UNC-Chapel Hill is the highest ranked N.C. institution in the survey
The University of North Carolina at Chapel Hill ranks 28th among more than 200 participating colleges and universities nationwide, according to the Sierra Club “Cool Schools” annual sustainability report. The “Cool Schools” ranking serves as a guide for prospective students to compare schools’ commitment to sustainability. This year’s report reflects accomplishments through June 2016.
Carolina was recognized with high scores in the categories of innovation, co-curricular activities and planning. In the decade since the survey was launched Carolina has been consistently recognized as one of the leading institutions in sustainability in the United States.
The University’s ranking recognizes the long-term success of its many sustainability initiatives, such as reducing water use by 52 percent in the face of campus growth of more than seven million square feet since 2003, avoiding $40 million in water costs. Carolina’s Three Zeros Environmental Initiative — the new campus plan to move the campus toward water neutrality, zero waste, and greenhouse gas neutrality — drove a top score in the planning category.

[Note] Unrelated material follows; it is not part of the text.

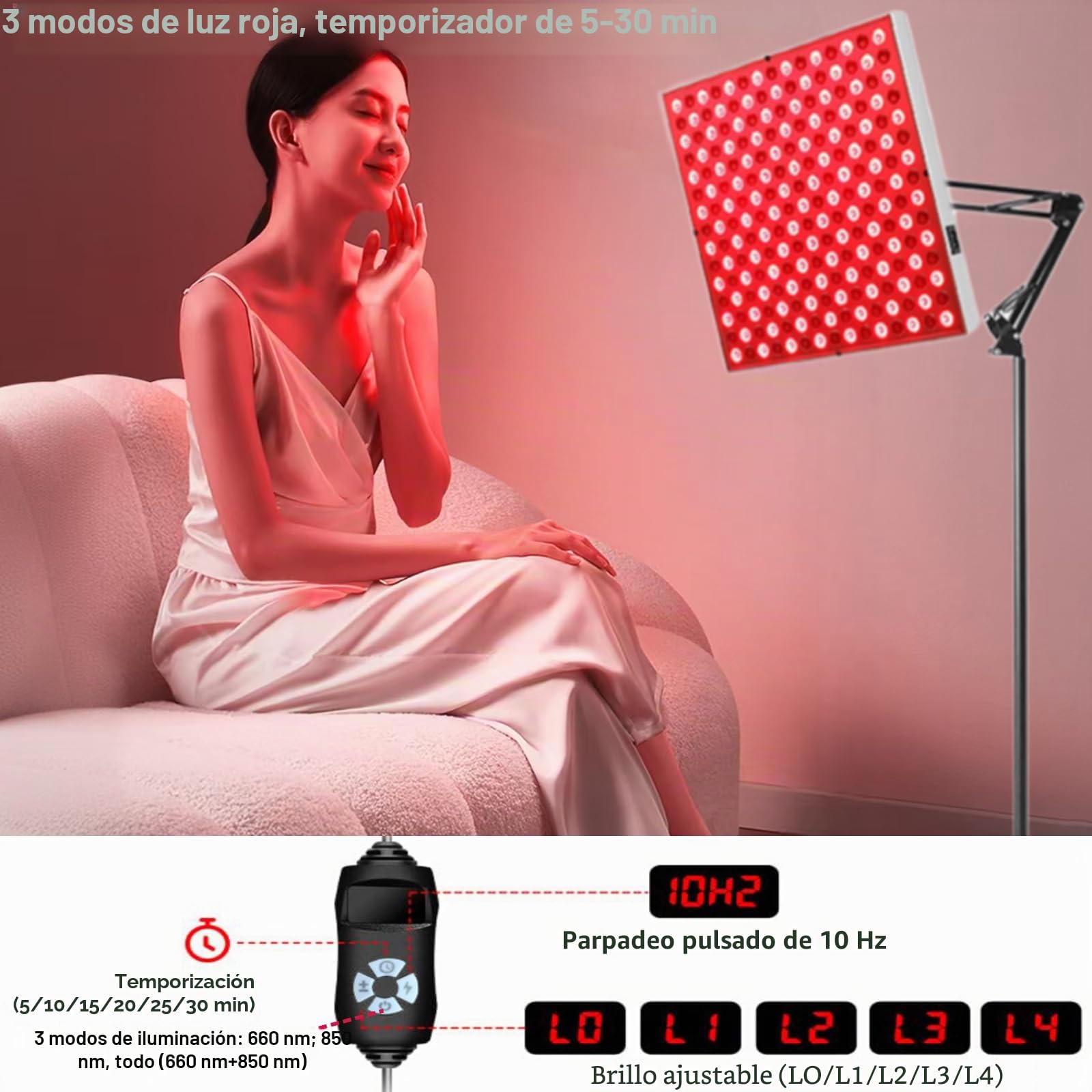 Lámpara de terapia de luz roja con 225 LED, panel calefactor de infrarrojo cercano de 660 nm y 850 nm para rostro, espalda, hombros,brazos,cuerpo,cintura,piernas,alivio del dolor,con soporte,5 niveles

The Sierra Club, which is the largest grassroots environmental organization in the United States, bases the school rankings on sustainability data collected in a range of areas. The raw data for scoring comes from the Association for the Advancement of Sustainability in Higher Education’s (AASHE) STARS self-reporting tool. The Club then takes the data and scores it across 64 questions. The scoring methodology was updated this year to reflect increased emphasis on climate-related issues.
“We are pleased that Carolina moved from 39th to 28th in the Cool Schools ranking and remains the top-ranked school in our state for sustainability,” said Brad Ives, the University’s chief sustainability officer and associate vice chancellor for campus enterprises. “We are energized by this benchmark of our progress to make our campus more sustainable, and we will continue to challenge ourselves and improve in this area as part of our Three Zeros Environmental Initiative.”